Nowadays, inspections of such structures are often done visually. Experienced inspection teams climb through the structures with the help of climbing equipment and access vehicles (manlift, bucket truck, etc.). This procedure is highly dangerous for the inspection teams, and is very time consuming and costly. It is also difficult for the team to perform a full and systematic inspection which may cause deficiencies to be overlooked. Finally, the inspection team typically has no accurate position information to exactly reference deficiencies, such that comparisons across multiple inspections are difficult to achieve.
In this project, our team TUM Flyers (composed of the TU Munich, Germany, and Schällibaum AG, Switzerland) aims at developing novel vision-based technologies for the systematic inspection of structures using micro aerial vehicles (MAVs). Such technologies could reduce maintenance time and costs and could increase systematicness and repeatability of inspections. In detail, this project aims
To develop vision-based localization in real-time to localize the MAV accurately in GPS-denied areas, in particular close to structures. The MAV concurrently and in real-time maps the structure in 3D for obstacle avoidance and path planning using the MAV’s on-board stereo vision sensors and its processing capabilities.
To develop a semi-autonomous assistive MAV flight mode for live inspection and mapping of structures. While the operator navigates the MAV close to structures, the MAV autonomously avoids obstacles perceived with its sensors.
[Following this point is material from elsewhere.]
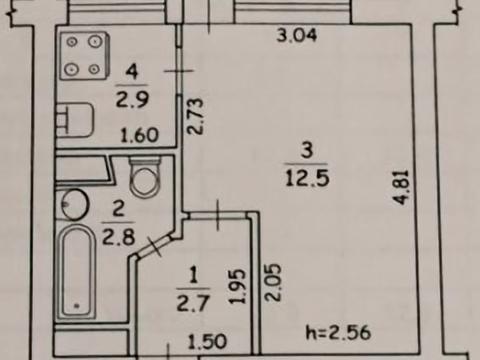 квартира за адресою Лісовий просп., 19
To develop autonomous MAV waypoint navigation for systematic image collection, referencing, analysis, and reinspection of structures.
In the freestyle demonstration in Stage II.a, we will demonstrate core technologies for the inspection of structures with MAVs. We will showcase, how operators can control the MAV to perform a live inspection and to teach-in inspection views on a small-scale object. In Stage II.b, this technology will be used for an inspection of a medium-scale realistic industrial lab environment in an end-user driven task. For an inspection in this GPS-denied environment, the MAV needs to navigate at larger scale and close to obstacles.
Stage III conducts development and field tests for a feasibility demonstration of the inspection of a structure in an outdoor scenario. Bridges are highly challenging examples of such structures. This use-case scenario includes flying a few meters close to the structure of the bridge in order to collect inspection images, and combines major common challenges in the systematic inspection of a diverse set of structures with MAVs.